Web page caption snippets:
---

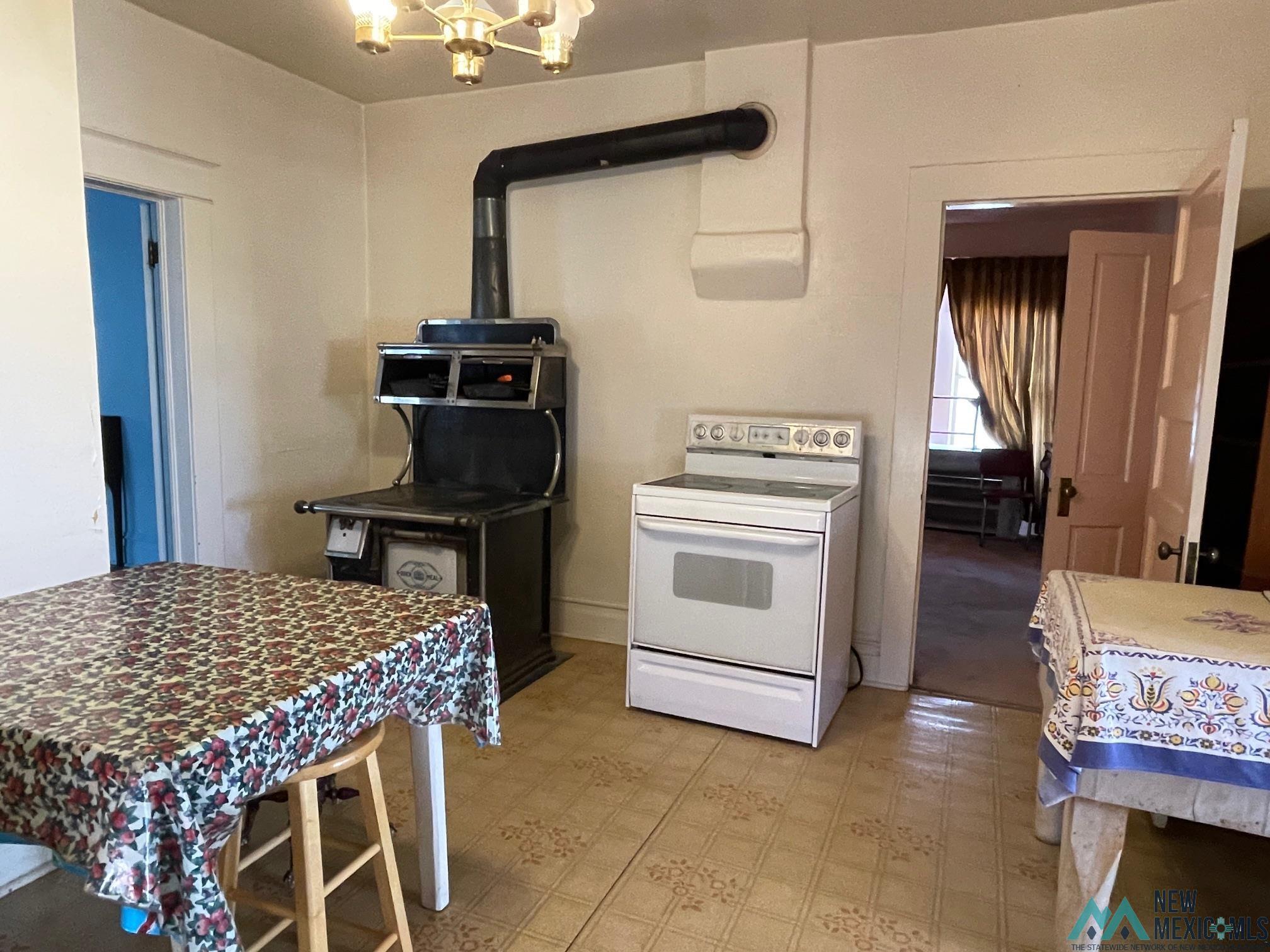 811 W Pine St, Deming, Texas image 10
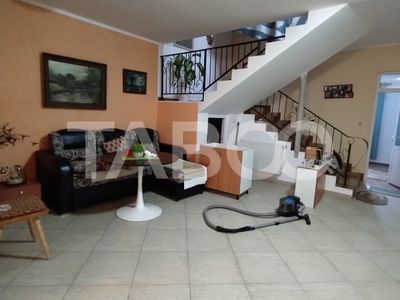 Casă cu 10 camere de vânzare în Rausor – fotografia 5 din 24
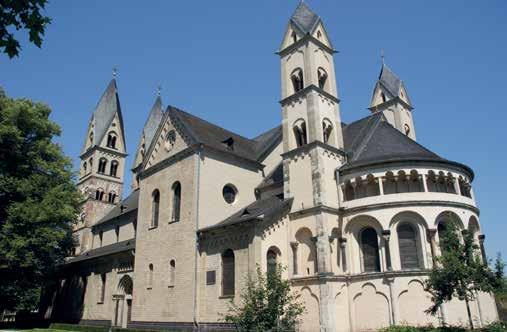 Themen des Monats 5 St. Kastor eine Kirche der Gregorianik Einladung zu Jubiläen am 12. November Am Samstag, 12. November, werden in der Basilika St.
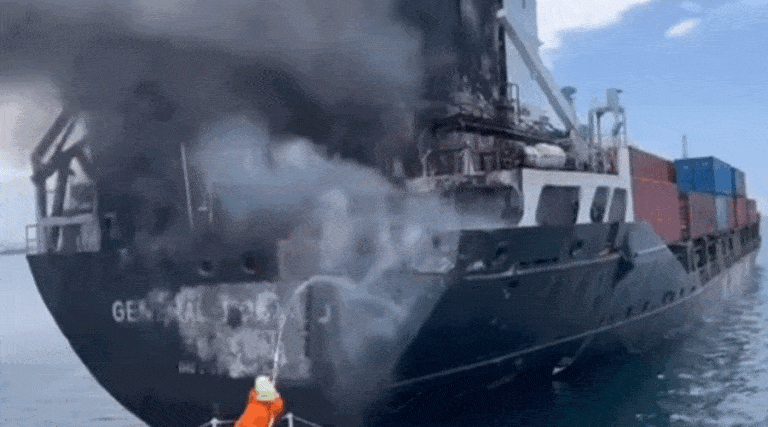 Dwie ofiary śmiertelne pożaru na pokładach dwóch statków / Portal Stoczniowy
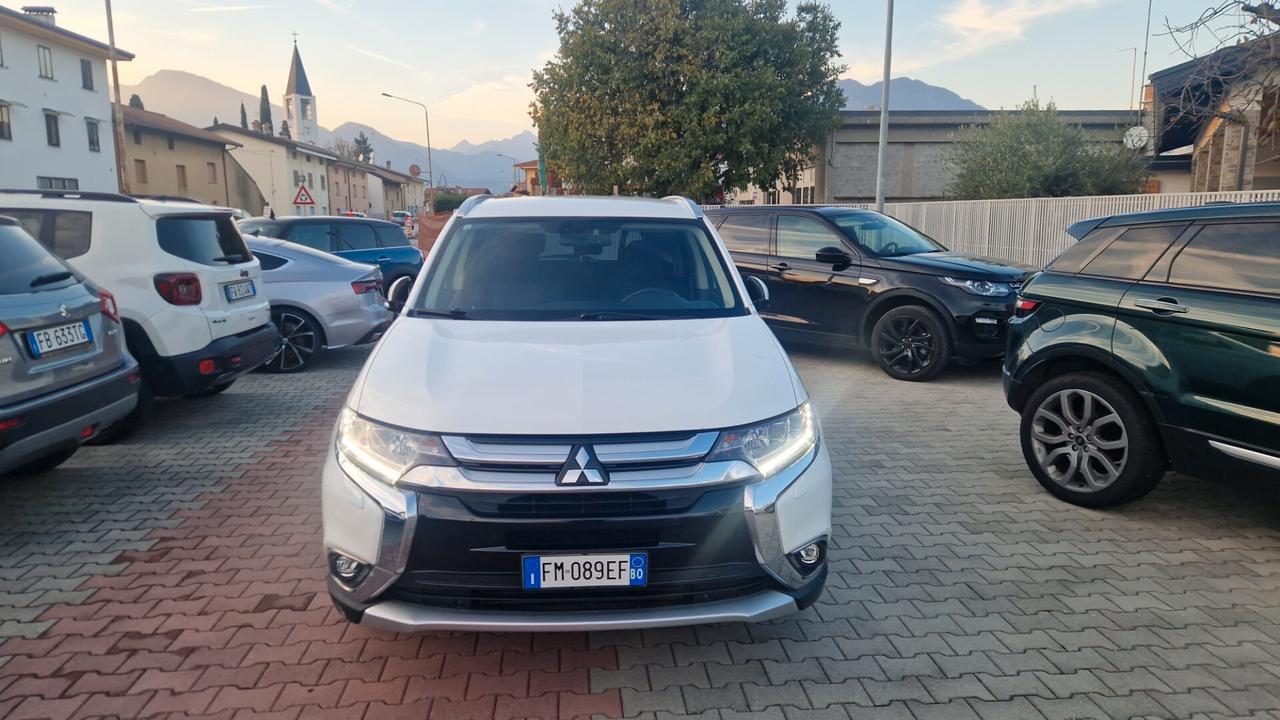 Mitsubishi Outlander 2.2 DI-D 4WD 7p.. garantito 12M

---

ACTION ITEM
Drop the images; return the entries above exactly as they appear.

RESPONSE TO THIS TASK
 811 W Pine St, Deming, Texas image 10
 Casă cu 10 camere de vânzare în Rausor – fotografia 5 din 24
 Themen des Monats 5 St. Kastor eine Kirche der Gregorianik Einladung zu Jubiläen am 12. November Am Samstag, 12. November, werden in der Basilika St.
 Dwie ofiary śmiertelne pożaru na pokładach dwóch statków / Portal Stoczniowy
 Mitsubishi Outlander 2.2 DI-D 4WD 7p.. garantito 12M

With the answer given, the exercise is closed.